Thankful to have had the opportunity to lead transit-advocacy efforts all over the country, Austin is now back in his element in Tacoma, advocating, organizing and educating on behalf of the issue in the state he loves.
Now regarded as a national leader and expert on transportation advocacy, the Religion and Global Studies graduate says he’s still every bit as passionate about social justice as he was a decade ago while a student at PLU.
“During my junior year, I witnessed people in Tacoma relying on buses to get to work, school, the doctor or just visit their families,” says Austin. “It really hit home that public transit access touches and impacts so many other critical issues.”
“Even now, nearly 10 years later and equipped with a few more tools, I feel like I’m the same young guy, figuring out how I can be an effective advocate and doing this work to the best of my ability.”
As an 18 year-old first-year student at PLU, Austin challenged himself to live without a vehicle, dependent on public transportation. Now 30, Austin continues to live according to that challenge, and his commitment to public transit has grown from a personal conviction to an influential career in state- and national-level public transit advocacy.
As the policy director at Transportation Choices, an advocacy organization dedicated to creating more opportunities for people to walk, bike and take public transit, Austin’s work focuses on policy development, lobbying and statewide coalition building.
“Transportation is an issue that a lot of people care about, but it’s not very many people’s number-one issue.” Austin explains. “As transit advocates, our power is based in our relationships with our closest friends. We have to build pro-transit coalitions at the state and local level to have success.”

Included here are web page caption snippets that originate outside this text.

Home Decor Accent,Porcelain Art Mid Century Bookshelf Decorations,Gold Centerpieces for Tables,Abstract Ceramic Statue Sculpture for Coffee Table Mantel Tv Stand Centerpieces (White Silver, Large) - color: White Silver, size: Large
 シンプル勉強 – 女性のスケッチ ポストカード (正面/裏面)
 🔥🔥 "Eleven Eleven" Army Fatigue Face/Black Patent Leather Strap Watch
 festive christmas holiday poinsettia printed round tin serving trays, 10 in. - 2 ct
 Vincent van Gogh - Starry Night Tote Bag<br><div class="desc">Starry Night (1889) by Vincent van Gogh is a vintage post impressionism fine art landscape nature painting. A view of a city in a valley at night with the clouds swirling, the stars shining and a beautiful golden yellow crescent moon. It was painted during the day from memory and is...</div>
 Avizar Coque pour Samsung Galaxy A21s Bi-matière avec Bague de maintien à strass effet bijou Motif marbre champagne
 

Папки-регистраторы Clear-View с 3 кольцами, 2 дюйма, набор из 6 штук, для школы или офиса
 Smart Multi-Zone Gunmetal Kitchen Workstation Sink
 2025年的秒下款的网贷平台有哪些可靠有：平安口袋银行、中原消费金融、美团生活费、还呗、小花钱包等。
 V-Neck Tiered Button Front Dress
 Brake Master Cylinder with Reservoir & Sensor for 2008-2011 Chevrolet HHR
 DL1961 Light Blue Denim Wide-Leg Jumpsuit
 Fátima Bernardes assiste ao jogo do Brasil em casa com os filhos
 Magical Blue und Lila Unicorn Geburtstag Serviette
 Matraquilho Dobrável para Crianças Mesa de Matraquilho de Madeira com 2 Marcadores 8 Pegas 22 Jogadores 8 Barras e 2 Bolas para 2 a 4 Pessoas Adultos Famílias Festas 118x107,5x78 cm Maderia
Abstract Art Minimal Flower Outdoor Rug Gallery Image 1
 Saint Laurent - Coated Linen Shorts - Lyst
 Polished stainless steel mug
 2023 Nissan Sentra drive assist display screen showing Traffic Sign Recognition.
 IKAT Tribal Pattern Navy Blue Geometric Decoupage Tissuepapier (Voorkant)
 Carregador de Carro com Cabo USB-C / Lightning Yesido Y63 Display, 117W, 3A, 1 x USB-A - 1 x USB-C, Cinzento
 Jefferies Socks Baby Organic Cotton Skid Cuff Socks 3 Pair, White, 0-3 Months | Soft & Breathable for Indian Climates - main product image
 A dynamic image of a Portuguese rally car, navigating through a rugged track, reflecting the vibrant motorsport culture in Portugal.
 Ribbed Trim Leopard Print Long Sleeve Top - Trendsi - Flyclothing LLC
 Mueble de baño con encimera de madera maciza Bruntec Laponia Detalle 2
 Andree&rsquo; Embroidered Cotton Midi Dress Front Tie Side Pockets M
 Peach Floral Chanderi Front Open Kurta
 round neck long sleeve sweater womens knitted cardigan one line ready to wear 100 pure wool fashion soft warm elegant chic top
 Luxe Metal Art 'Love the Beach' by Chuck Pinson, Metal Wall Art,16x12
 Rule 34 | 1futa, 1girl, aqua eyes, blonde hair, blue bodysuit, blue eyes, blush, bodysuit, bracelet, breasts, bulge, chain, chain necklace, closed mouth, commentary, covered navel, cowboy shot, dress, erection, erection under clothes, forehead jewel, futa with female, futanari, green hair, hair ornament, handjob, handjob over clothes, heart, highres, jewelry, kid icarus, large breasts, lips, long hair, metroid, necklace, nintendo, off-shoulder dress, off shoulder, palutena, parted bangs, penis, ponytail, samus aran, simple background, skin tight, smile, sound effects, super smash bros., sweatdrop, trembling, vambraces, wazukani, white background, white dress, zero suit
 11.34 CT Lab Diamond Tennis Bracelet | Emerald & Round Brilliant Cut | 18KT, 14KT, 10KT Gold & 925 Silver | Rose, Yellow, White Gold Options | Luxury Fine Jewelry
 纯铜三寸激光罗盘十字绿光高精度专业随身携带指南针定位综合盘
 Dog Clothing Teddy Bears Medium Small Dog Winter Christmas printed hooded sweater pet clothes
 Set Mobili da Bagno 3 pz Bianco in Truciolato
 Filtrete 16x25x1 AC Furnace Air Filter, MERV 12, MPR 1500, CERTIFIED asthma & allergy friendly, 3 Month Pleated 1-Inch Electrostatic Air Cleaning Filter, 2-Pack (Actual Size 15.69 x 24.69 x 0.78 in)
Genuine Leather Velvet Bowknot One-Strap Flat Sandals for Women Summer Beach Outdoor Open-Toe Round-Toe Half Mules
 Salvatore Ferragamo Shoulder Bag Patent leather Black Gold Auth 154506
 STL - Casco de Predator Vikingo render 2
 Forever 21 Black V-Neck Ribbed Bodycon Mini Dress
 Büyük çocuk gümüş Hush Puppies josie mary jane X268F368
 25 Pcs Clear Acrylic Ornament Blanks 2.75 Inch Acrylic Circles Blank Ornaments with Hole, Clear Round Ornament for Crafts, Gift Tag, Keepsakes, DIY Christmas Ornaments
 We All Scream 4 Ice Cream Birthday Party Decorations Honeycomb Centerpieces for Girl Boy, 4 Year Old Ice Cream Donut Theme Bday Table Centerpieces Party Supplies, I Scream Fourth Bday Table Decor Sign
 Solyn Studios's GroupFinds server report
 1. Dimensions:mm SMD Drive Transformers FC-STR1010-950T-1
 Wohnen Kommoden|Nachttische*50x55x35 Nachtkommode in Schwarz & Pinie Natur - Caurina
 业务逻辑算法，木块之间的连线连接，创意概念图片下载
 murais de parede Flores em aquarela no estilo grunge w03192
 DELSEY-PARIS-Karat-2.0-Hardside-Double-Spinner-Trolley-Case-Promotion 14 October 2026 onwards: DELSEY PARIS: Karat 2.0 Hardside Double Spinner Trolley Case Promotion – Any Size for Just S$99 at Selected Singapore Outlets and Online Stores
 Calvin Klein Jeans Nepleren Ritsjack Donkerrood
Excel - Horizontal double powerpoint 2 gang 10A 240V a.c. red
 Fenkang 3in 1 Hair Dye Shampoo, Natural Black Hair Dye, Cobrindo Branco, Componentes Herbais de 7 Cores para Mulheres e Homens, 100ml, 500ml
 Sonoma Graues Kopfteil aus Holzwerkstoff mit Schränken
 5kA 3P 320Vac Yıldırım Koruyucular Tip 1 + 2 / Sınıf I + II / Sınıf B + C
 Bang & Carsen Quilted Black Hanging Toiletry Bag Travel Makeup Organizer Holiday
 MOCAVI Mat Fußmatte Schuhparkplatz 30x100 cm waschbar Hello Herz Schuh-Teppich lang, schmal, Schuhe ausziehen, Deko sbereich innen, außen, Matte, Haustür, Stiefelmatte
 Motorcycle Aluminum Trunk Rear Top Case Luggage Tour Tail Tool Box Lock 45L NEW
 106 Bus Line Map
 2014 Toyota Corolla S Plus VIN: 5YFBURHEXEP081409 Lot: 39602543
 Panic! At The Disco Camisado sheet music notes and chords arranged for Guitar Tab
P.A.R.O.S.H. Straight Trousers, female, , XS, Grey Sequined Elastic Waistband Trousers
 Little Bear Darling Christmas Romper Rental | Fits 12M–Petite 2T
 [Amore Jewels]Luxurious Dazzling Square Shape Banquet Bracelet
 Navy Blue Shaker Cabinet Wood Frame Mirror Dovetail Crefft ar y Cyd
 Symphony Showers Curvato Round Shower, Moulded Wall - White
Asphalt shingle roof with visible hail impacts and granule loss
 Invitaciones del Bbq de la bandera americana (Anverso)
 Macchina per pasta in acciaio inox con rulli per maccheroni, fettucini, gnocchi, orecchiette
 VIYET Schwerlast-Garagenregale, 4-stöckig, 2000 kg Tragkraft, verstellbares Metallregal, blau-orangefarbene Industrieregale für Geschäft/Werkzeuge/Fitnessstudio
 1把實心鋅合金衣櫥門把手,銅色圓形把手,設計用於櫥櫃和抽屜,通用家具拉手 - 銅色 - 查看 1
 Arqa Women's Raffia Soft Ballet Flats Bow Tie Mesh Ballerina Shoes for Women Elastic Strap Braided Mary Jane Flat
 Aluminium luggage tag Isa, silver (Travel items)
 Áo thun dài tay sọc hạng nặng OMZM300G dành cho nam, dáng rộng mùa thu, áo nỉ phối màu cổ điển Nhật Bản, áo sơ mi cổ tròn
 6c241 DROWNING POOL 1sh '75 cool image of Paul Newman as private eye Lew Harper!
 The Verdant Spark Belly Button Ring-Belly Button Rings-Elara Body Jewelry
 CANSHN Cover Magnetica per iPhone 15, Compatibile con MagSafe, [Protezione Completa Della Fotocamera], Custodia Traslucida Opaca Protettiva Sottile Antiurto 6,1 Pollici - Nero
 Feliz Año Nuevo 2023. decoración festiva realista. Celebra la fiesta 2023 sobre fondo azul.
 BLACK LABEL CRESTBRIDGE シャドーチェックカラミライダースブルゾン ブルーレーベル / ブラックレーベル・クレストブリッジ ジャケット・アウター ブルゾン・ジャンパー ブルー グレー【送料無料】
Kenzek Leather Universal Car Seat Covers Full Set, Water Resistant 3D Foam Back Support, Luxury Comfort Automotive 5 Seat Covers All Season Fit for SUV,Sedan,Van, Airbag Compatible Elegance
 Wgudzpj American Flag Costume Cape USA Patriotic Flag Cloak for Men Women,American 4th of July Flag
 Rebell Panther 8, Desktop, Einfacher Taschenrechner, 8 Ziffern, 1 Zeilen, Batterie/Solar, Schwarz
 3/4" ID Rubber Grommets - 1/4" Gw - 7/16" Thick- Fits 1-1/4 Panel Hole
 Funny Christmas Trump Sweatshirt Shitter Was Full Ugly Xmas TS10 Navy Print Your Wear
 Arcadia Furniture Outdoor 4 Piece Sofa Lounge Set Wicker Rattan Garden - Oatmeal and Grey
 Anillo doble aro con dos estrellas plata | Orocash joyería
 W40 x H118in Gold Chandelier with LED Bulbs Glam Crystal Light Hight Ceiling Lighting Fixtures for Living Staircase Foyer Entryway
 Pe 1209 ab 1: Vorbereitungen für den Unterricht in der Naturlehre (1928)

Austin’s professional career in advocacy began in legislative politics. He spent the first four years of his career managing political campaigns throughout Western Washington and serving as a legislative assistant in Olympia.
While working at the Legislature in 2007, Austin began establishing himself as a local leader in Tacoma transit advocacy, participating in local activism and making the most of an opportunity with The News Tribune of Tacoma.
“I had a blog for the Tribune called ‘The Bus Stops Here,’” Austin explains. “I would meet riders and talk with them about what they were doing, where they were going and why they were riding the bus and then contextualize the importance of public transit through their stories.”
In 2009, Austin landed a job as policy associate with the organization he had long hoped to work for— Transportation Choices. His talent and work ethic were quickly recognized and rewarded, and after just one year he was promoted to Field Director.
“During that time it really hit home for me that advocacy work, especially on this issue and especially in this state that I love, is what I wanted to do,” he says.
The opportunity meant moving from one Washington to the other, a transition Austin had always hoped might be possible. “D.C. is its own realm, much different than state and local politics, and I wanted to get a taste of that,” Austin says.
Dedicated to “strengthening, uniting and creating grassroots transit rider organizations across the country,” Americans for Transit afforded Austin the opportunity to travel nationwide, convening peer-networking trainings and workshops, consulting on advocacy and policy campaigns, and speaking at regional and national conferences.
“My favorite part was that I got to work with passionate, dedicated advocates fighting for transit issues all over the country,” Austin says. “It was an incredible experience organizing in the south in places like Georgia and in Rust Belt cities like Pittsburgh and Cleveland.
“My eyes were really opened to the similarities between advocacy organizing across the country, but also the dynamics and culture of each community greatly impacted the work. Like they say, all politics is local.”
However, after two invigorating years living in D.C. and out of a suitcase on the road, Austin couldn’t help but feel as though much of his fervor for advocacy had been left behind in Washington state.
“I missed working in a place where I felt a personal investment and I was able to see the work through to the finish,” Austin says.
So when Transportation Choices asked whether he’d be interested in returning to serve as its Policy Director, Austin didn’t have to think twice.
“I realized there is nothing I’d rather be doing than leading the policy work at Transportation Choices,” he says. “Who knows what the future has in store, but I’m incredibly thankful for where I’ve been able to go, and so excited to be back.”